Almost everyone has been there at any given point. That time when you did too many double unders and had to take time off from training because the ankle and calf wouldn´t let you do almost anything. Or that time when you were too tired to pay attention to your form in that deadlift workout and your back got hurt, keeping you from training for two weeks. And don’t forget that one time when 100 pull ups followed by 100 toes to bar seemed a good idea, and you ended ripping your hands and couldn´t touch a barbell, dumbbell of kettlebell for that sake either. All of the above situations are from my personal injury history, and they act as a steady reminder of that we´re not indestructible.

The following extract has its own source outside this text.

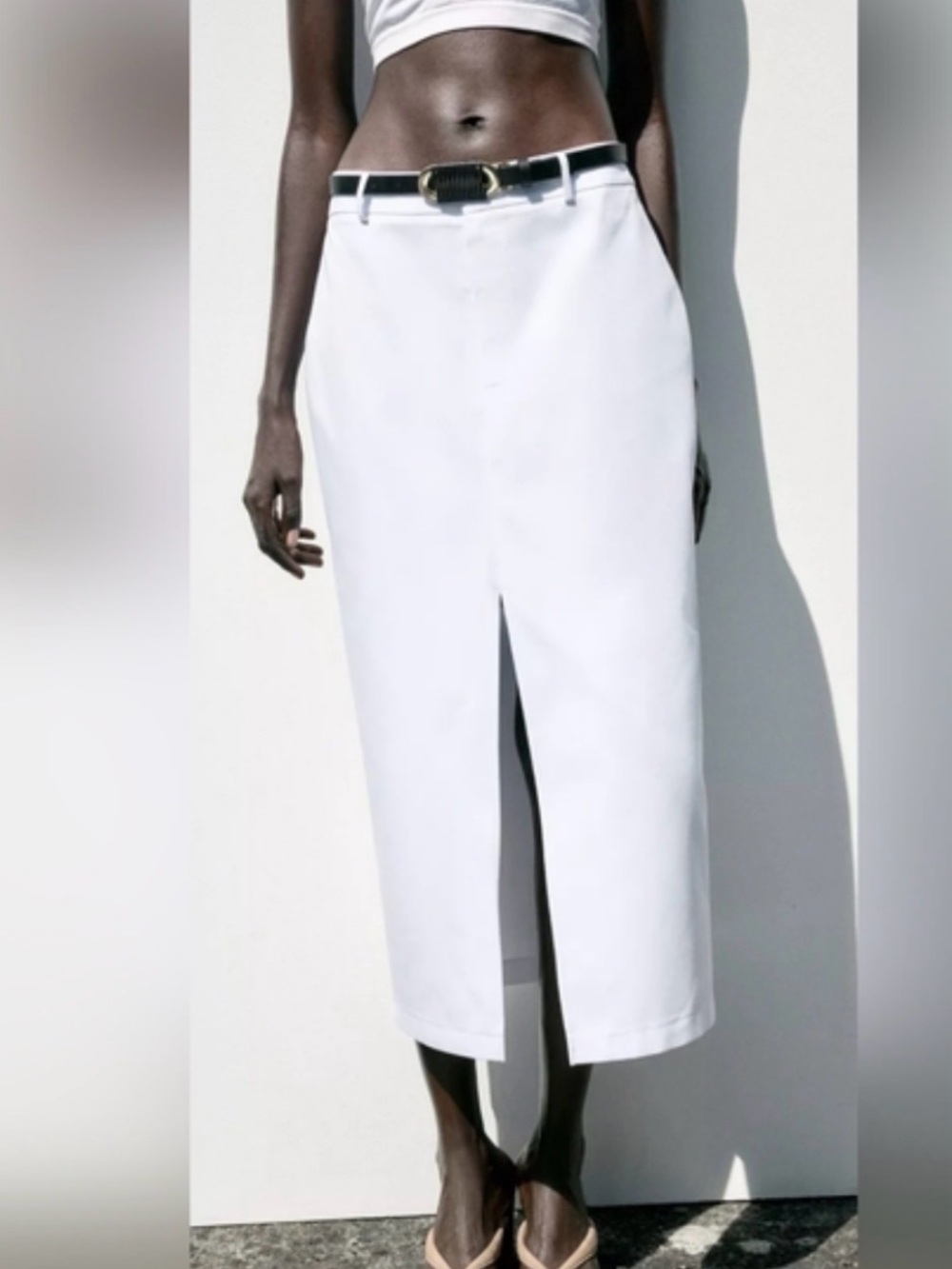 Zara belted, midi pencil skirt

One of the most common things I’m asked about is how to get rid of a certain pain, or how to fix an injury that has already occurred.

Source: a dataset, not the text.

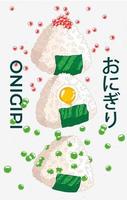 ilustración vectorial de onigiri. comida rápida japonesa hecha de arroz con relleno, moldeado en forma de triángulo en alga nori. vector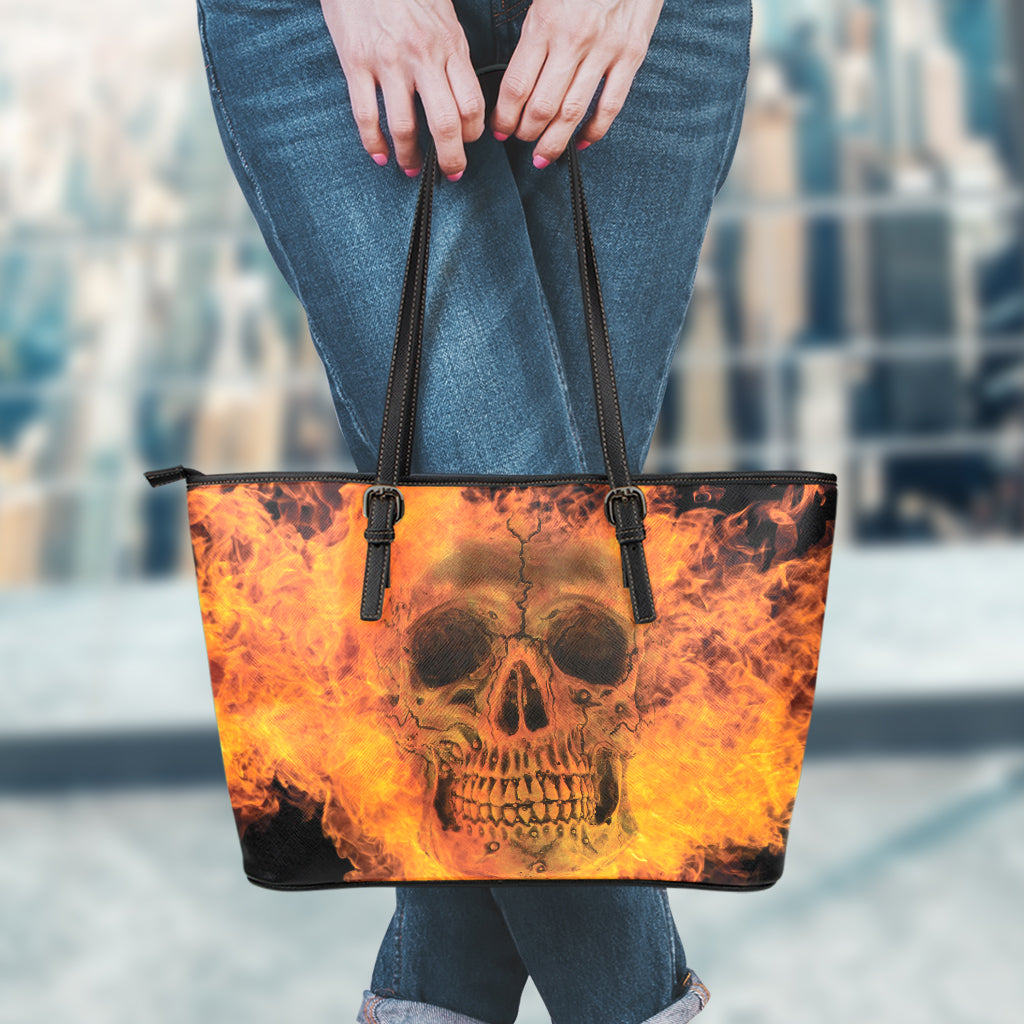Fire Skull Print Leather Tote Bag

It would be awesome if people started to ask me about whether there’s a good way to prevent training injuries in CrossFit, instead of waiting until after they´ve injured themselves.

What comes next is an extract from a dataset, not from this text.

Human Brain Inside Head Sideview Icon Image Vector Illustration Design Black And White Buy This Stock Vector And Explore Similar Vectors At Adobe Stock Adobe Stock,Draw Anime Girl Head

While we can never expect to prevent 100% of injuries – sometimes freak accidents just happen – there are a number of things you can do to improve your odds. Some of these are commonly talked about – doing a proper warm up, being aware of your environment and who’s around you when you’re training, and NOT letting your ego take over are a few that comes to mind. Here are a few more that may be a little less obvious, but are at least as important.
Quality is king:
The quality of movement is the single independent variable most commonly associated with injury free training. What does that mean? It means: the better you move, the less risk of injury. The CrossFit L1 handbook has one of the most overlooked statements regarding this.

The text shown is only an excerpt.